_Input_
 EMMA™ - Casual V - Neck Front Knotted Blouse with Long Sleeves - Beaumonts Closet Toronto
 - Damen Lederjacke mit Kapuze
==
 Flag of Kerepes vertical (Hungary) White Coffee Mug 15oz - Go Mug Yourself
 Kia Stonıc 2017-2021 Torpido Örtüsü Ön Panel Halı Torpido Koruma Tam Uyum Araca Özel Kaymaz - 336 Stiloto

_Goal of the exercise_
Please return the lines above that run from the line containing "EMMA™ - Casual" to the line containing "- Damen Lederjacke mit Kapuze", inclusive, exactly and with no other lines.

_Exercise solution_
 EMMA™ - Casual V - Neck Front Knotted Blouse with Long Sleeves - Beaumonts Closet Toronto
 - Damen Lederjacke mit Kapuze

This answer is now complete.